Ces paroles tirées des « Confessions » de Saint Augustin ne résument-elles pas à elles seules l’angoissant questionnement de l’homme sur la précarité de son existence et la conscience plus ou moins nette de n’être qu’un acteur sur la scène de l’existence? Qui sommes-nous, d’où venons-nous et où allons-nous? Parachuté en cette vie sans l’avoir demandé pour un court et chaotique périple d’à peine quelques décennies de durée- pour les plus favorisés d’entre nous -, toute notre existence se passe à essayer de comprendre le sens de ce court voyage.
Le grand psychiatre et psychologue suisse Carl G. Jung affirmait « que l’homme est un être en partie double, dont l’une, la partie consciente, n’a que l’âge du corps, alors que l’autre, la plus importante, la partie inconsciente et supra consciente, a l’âge et l’expérience de millions d’années. » Pareille supposition ne rejoint-elle pas « l’hypothèse de la survivance des âmes qui est celle de la plupart des religions »? comme l’écrivait si bien Maurois?
L’hypothèse chrétienne relative à cette survivance de l’âme après la mort coïncide largement avec celle des religions judaïque, islamique et autres, dont celle de l’ancienne Égypte. Suivant ces doctrines, l’âme de l’homme est issue de Dieu, et ce sont nos parents qui lui donnent la possibilité de s’incarner dans le monde terrestre en cédant à l’appel de la chair. Après sa mort, et un séjour indéterminé dans un « purgatoire » (« Royaume des morts, Schéol, Hadès » et autres), cette âme obtient la félicité éternelle, en récompense d’une vie juste. Dans le cas contraire, celui notamment du péché contre le Saint-Esprit, le Christ précise : « Il ne lui sera pardonné ni en ce monde ni en l’autre. » (Mt Chap. 12, Vers. 32). La Bible parle alors de la géhenne pour cette âme perdue, le séjour des réprouvés.
Mais qu’en est-il exactement de ce mystérieux « purgatoire » qui depuis des siècles alimente tant de spéculations? Une courte recherche nous apprend que c’est « un lieu ou plutôt un état dans lequel les âmes des justes sorties de ce monde sans avoir suffisamment satisfait à la justice divine pour leurs fautes, achèvent de les expier avant d’être admises à jouir du bonheur éternel. » Que ce « purgatoire » existe ou pas, on peut raisonnablement croire que nous aurons à répondre après notre mort des faits et gestes de notre vie présente. Le Christ est encore catégorique à ce sujet : « Tu n’en sortiras pas que tu n’aies remboursé le dernier quadrant. » (Mathieu Chap. 5, Vers. 25-26). Heureusement que ce Rédempteur a pris sur Lui de tout racheter de notre mal, car comme le dit si bien Saint Augustin, « si vous vouliez examiner avec rigueur les péchés des hommes, Seigneur, qui pourrait subsister devant le tribunal de votre justice? »
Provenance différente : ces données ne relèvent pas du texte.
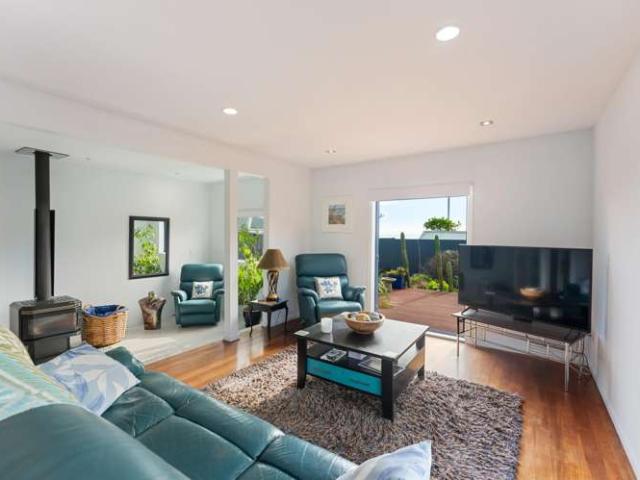 House for sale in Ōtaki Beach, Kāpiti Coast District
Admettons ensemble, bien humblement, que ce temps d’expiation risque plutôt d’être long, avec tous ces coins obscurs qui enténèbrent notre vie. Le mal en nous est si profond, si bien établi à demeure dans notre esprit, et ce bien souvent à notre insu, qu’il nous est impossible de le vaincre définitivement sans l’aide de Dieu. Grâce au Christ, on sait maintenant que c’est de notre imperfection, de notre inachèvement que nous viennent toutes nos souffrances. Comme l’écrivait si bien Michel Quoist dans son livre « Réussir », « Au cœur de tout homme se cache la nostalgie de la perfection. Le désir est infini, mais les limites multiples ».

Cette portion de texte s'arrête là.